Task requirements
A word-for-word transcription of the whole listing is required.

** Extracted information follows **

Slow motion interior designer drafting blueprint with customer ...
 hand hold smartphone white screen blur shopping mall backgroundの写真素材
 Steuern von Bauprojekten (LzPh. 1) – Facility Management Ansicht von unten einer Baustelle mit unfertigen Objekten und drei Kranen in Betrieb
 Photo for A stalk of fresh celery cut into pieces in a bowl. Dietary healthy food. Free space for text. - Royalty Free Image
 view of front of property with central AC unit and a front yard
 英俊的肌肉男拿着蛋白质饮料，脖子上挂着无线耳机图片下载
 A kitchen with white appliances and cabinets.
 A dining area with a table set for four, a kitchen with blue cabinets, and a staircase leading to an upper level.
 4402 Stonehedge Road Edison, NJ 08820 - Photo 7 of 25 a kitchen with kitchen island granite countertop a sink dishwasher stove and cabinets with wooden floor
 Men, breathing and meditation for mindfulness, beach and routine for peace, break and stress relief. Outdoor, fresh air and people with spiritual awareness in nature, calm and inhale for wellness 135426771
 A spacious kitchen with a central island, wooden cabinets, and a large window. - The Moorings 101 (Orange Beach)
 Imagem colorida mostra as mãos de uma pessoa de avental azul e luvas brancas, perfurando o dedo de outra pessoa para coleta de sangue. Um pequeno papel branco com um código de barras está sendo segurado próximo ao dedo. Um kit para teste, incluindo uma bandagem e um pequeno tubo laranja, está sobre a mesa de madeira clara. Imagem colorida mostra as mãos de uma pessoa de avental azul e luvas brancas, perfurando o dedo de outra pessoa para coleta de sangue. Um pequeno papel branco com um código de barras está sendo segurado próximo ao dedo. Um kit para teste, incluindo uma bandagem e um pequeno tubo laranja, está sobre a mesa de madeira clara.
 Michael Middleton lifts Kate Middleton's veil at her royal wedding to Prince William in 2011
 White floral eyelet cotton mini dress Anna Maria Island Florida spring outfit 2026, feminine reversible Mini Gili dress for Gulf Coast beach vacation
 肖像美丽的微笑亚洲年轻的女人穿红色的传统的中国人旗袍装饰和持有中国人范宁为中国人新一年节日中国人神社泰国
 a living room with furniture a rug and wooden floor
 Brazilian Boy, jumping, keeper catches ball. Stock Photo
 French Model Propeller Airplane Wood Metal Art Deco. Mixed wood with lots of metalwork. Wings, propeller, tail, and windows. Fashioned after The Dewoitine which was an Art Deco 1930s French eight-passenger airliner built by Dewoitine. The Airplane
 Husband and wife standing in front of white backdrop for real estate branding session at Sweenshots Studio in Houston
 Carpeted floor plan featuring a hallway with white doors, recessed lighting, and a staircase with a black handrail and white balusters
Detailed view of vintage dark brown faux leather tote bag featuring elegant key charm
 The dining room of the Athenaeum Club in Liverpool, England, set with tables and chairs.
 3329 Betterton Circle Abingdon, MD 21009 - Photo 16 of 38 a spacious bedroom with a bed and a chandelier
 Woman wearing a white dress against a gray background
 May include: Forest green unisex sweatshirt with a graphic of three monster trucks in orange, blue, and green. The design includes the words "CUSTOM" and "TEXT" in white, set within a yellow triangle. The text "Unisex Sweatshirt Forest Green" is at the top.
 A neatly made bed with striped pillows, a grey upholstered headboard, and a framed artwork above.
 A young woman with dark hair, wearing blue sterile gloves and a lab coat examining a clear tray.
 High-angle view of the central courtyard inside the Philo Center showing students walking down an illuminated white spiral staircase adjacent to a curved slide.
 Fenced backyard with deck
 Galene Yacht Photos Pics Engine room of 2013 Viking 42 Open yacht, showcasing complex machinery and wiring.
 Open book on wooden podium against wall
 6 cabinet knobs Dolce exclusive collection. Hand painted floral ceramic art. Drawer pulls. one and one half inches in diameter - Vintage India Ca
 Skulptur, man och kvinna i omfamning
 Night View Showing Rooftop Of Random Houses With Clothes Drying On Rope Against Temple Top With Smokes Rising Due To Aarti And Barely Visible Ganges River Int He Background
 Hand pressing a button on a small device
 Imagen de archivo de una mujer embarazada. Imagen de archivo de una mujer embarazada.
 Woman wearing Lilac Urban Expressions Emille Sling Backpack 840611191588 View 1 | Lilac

** End of Extracted information **

Task response
Slow motion interior designer drafting blueprint with customer ...
 hand hold smartphone white screen blur shopping mall backgroundの写真素材
 Steuern von Bauprojekten (LzPh. 1) – Facility Management Ansicht von unten einer Baustelle mit unfertigen Objekten und drei Kranen in Betrieb
 Photo for A stalk of fresh celery cut into pieces in a bowl. Dietary healthy food. Free space for text. - Royalty Free Image
 view of front of property with central AC unit and a front yard
 英俊的肌肉男拿着蛋白质饮料，脖子上挂着无线耳机图片下载
 A kitchen with white appliances and cabinets.
 A dining area with a table set for four, a kitchen with blue cabinets, and a staircase leading to an upper level.
 4402 Stonehedge Road Edison, NJ 08820 - Photo 7 of 25 a kitchen with kitchen island granite countertop a sink dishwasher stove and cabinets with wooden floor
 Men, breathing and meditation for mindfulness, beach and routine for peace, break and stress relief. Outdoor, fresh air and people with spiritual awareness in nature, calm and inhale for wellness 135426771
 A spacious kitchen with a central island, wooden cabinets, and a large window. - The Moorings 101 (Orange Beach)
 Imagem colorida mostra as mãos de uma pessoa de avental azul e luvas brancas, perfurando o dedo de outra pessoa para coleta de sangue. Um pequeno papel branco com um código de barras está sendo segurado próximo ao dedo. Um kit para teste, incluindo uma bandagem e um pequeno tubo laranja, está sobre a mesa de madeira clara. Imagem colorida mostra as mãos de uma pessoa de avental azul e luvas brancas, perfurando o dedo de outra pessoa para coleta de sangue. Um pequeno papel branco com um código de barras está sendo segurado próximo ao dedo. Um kit para teste, incluindo uma bandagem e um pequeno tubo laranja, está sobre a mesa de madeira clara.
 Michael Middleton lifts Kate Middleton's veil at her royal wedding to Prince William in 2011
 White floral eyelet cotton mini dress Anna Maria Island Florida spring outfit 2026, feminine reversible Mini Gili dress for Gulf Coast beach vacation
 肖像美丽的微笑亚洲年轻的女人穿红色的传统的中国人旗袍装饰和持有中国人范宁为中国人新一年节日中国人神社泰国
 a living room with furniture a rug and wooden floor
 Brazilian Boy, jumping, keeper catches ball. Stock Photo
 French Model Propeller Airplane Wood Metal Art Deco. Mixed wood with lots of metalwork. Wings, propeller, tail, and windows. Fashioned after The Dewoitine which was an Art Deco 1930s French eight-passenger airliner built by Dewoitine. The Airplane
 Husband and wife standing in front of white backdrop for real estate branding session at Sweenshots Studio in Houston
 Carpeted floor plan featuring a hallway with white doors, recessed lighting, and a staircase with a black handrail and white balusters
Detailed view of vintage dark brown faux leather tote bag featuring elegant key charm
 The dining room of the Athenaeum Club in Liverpool, England, set with tables and chairs.
 3329 Betterton Circle Abingdon, MD 21009 - Photo 16 of 38 a spacious bedroom with a bed and a chandelier
 Woman wearing a white dress against a gray background
 May include: Forest green unisex sweatshirt with a graphic of three monster trucks in orange, blue, and green. The design includes the words "CUSTOM" and "TEXT" in white, set within a yellow triangle. The text "Unisex Sweatshirt Forest Green" is at the top.
 A neatly made bed with striped pillows, a grey upholstered headboard, and a framed artwork above.
 A young woman with dark hair, wearing blue sterile gloves and a lab coat examining a clear tray.
 High-angle view of the central courtyard inside the Philo Center showing students walking down an illuminated white spiral staircase adjacent to a curved slide.
 Fenced backyard with deck
 Galene Yacht Photos Pics Engine room of 2013 Viking 42 Open yacht, showcasing complex machinery and wiring.
 Open book on wooden podium against wall
 6 cabinet knobs Dolce exclusive collection. Hand painted floral ceramic art. Drawer pulls. one and one half inches in diameter - Vintage India Ca
 Skulptur, man och kvinna i omfamning
 Night View Showing Rooftop Of Random Houses With Clothes Drying On Rope Against Temple Top With Smokes Rising Due To Aarti And Barely Visible Ganges River Int He Background
 Hand pressing a button on a small device
 Imagen de archivo de una mujer embarazada. Imagen de archivo de una mujer embarazada.
 Woman wearing Lilac Urban Expressions Emille Sling Backpack 840611191588 View 1 | Lilac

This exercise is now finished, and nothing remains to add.